Electron beam physical vapor deposited YbGYZ thermal barrier coatings: Phase stability, thermo-physical properties and thermal shock behavior

Abstract

The rare earth oxide ceramics designed as 5.5 wt% Yb2O3-4.5 wt% Gd2O3-12 wt% Y2O3-78 wt% ZrO2 (YbGYZ) is a candidate material for thermal barrier coating (TBC) which will be suitable for application at higher temperatures. YbGYZ ceramic powders and bulks are fabricated by solid-state synthesis at temperatures above 1673 K, whose powders still have no phase transformation and exhibit excellent thermal stability despite long-term heat treatment at two different temperatures. In the temperature range from room temperature to 1573 K, the averaged coefficient of thermal expansion of YbGYZ ceramic bulk is 11.12 × 10−6 K−1, which meets the demand of novel ceramic materials of TBCs.
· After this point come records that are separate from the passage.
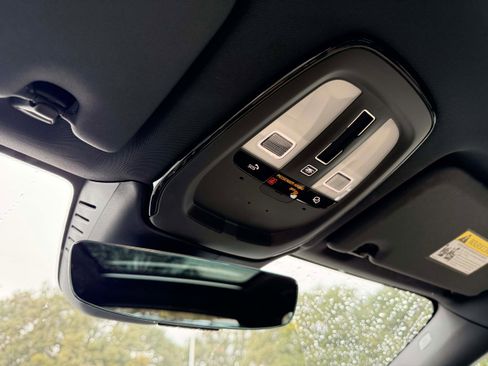 New 2026 Volvo XC60 B5 Plus w/ Protection Package Premier image 25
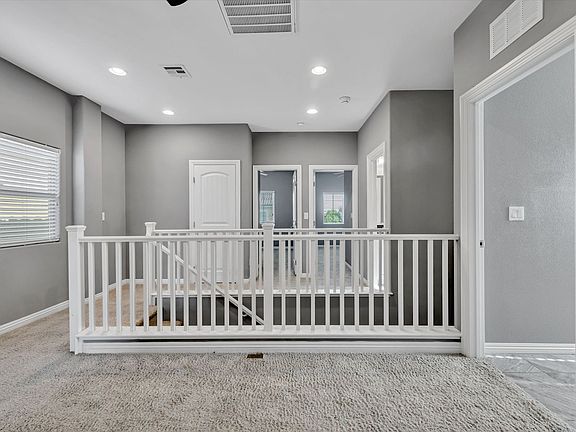 3rd image of 6789 Dragonfly Rock St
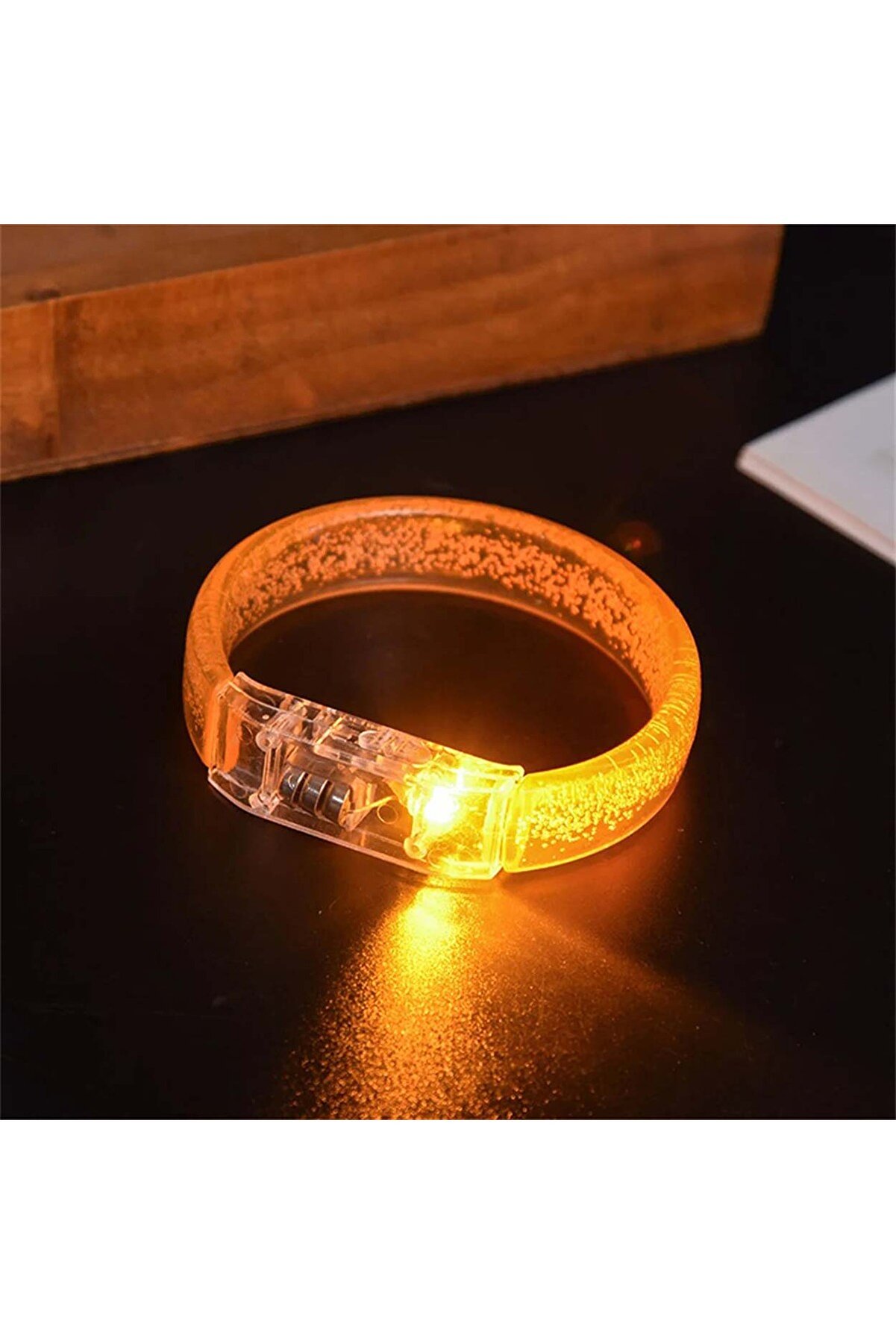 Go İthalat Turuncu Led Işıklı Baskı Yapılabi̇len Pi̇lli̇ Bi̇lekli̇k Bi̇lezi̇k 1,5 Cm Geni̇şli̇k (5258)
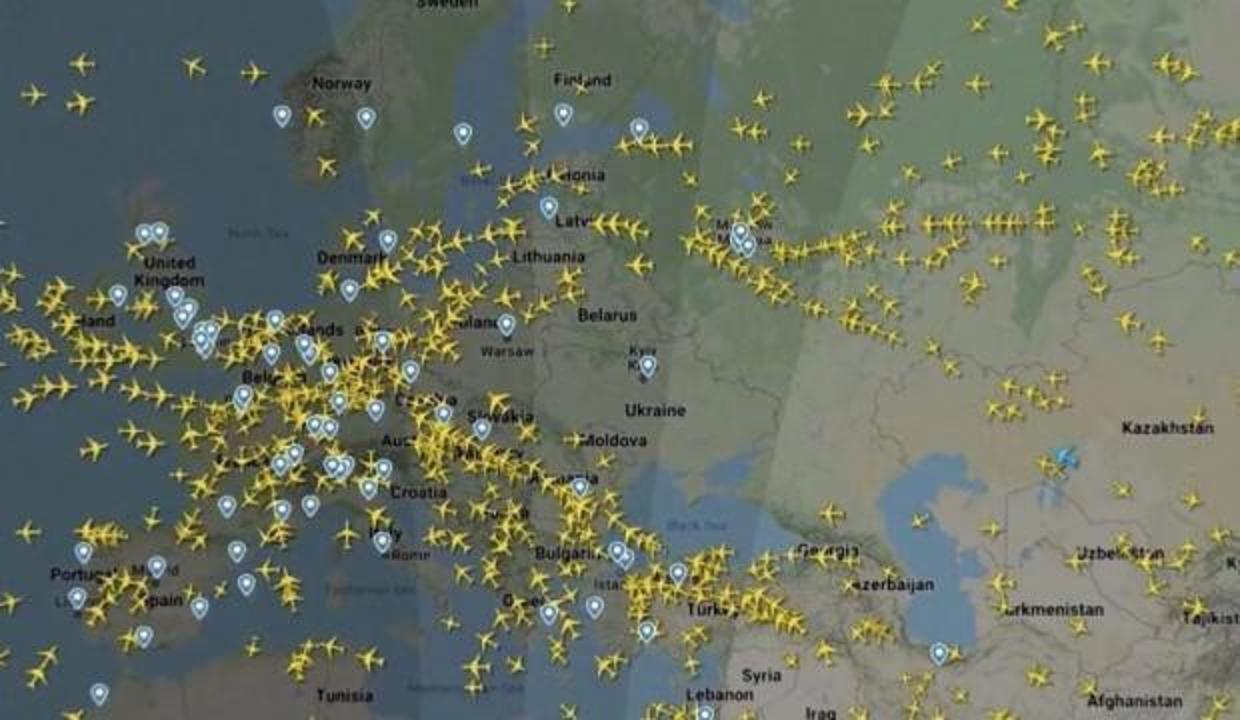 Rusya’nın Ukrayna’ya askeri müdahalesi: Uluslararası uçuş trafiği durdu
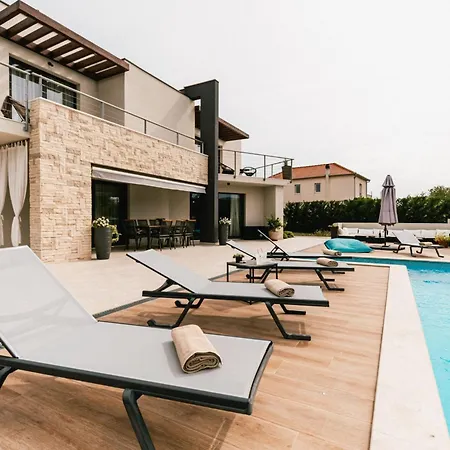 Villa Felicity B4 *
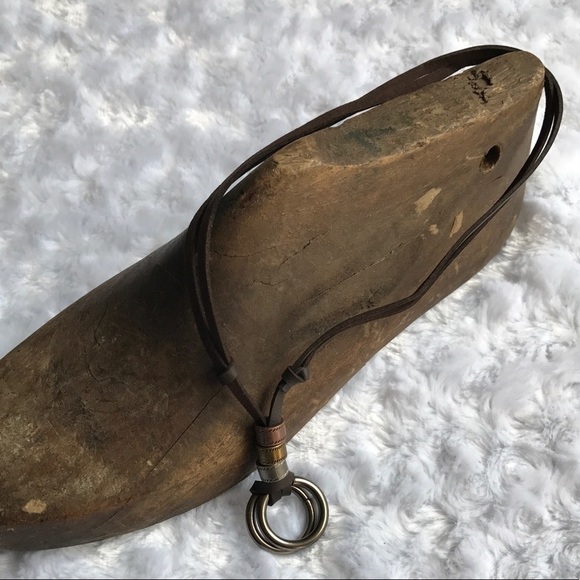 RETRO DOUBLE RING LEATHER NECKLACE - Picture 4 of 4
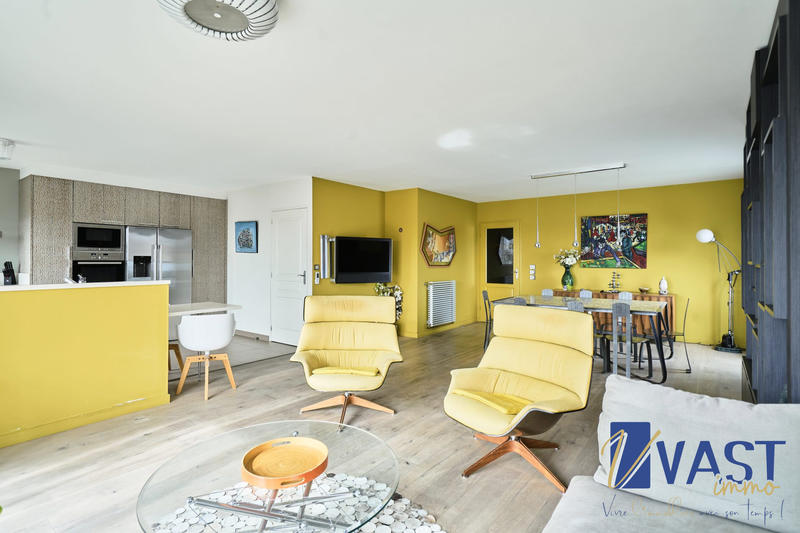 Appartement - 110 m² - 3 pièces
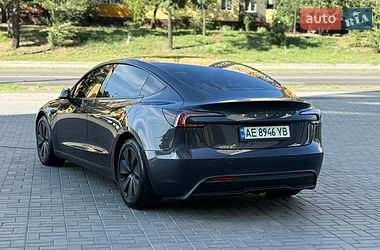 Седан Tesla Model 3 2024 в Днепре
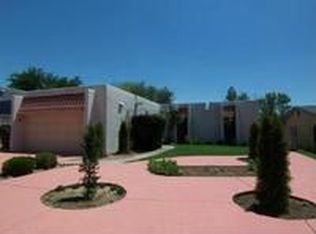 6320 Avenida La Costa NE, Albuquerque, NM 87109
Meanwhile, the averaged thermal diffusivity and thermal conductivity of YbGYZ ceramics are approximately 2.3% and 7.6% lower than those of the conventional YSZ bulk material respectively. The YbGYZ ceramic coatings are directly manufactured on the surface of (Ni, Pt)Al bond coat by means of electron beam physical vapor deposition (EB-PVD), whose phase structure consists primarily of cubic phase with co-existing of excess Y2O3 and ZrO2. A large number of regularly distributed “mud-like” microcracks appear on the surface of YbGYZ ceramic coating when it has experienced long-term thermal shock at 1373 K. The transverse microcracks originating in the ceramic coating have elongated to the interface of ceramic coat and thermally grown oxide (TGO) film that further cause the degeneration and separation of the interface. The spalling position of the YbGYZ coating where mainly occurs at the upper and lower adjacent interfaces of TGO layer. The serious rumpling, undulation, cross-linking, stress accumulation and rapid relaxation within TGO layer are the critical factors to accelerate interfacial delamination and spallation failure of YbGYZ TBCs.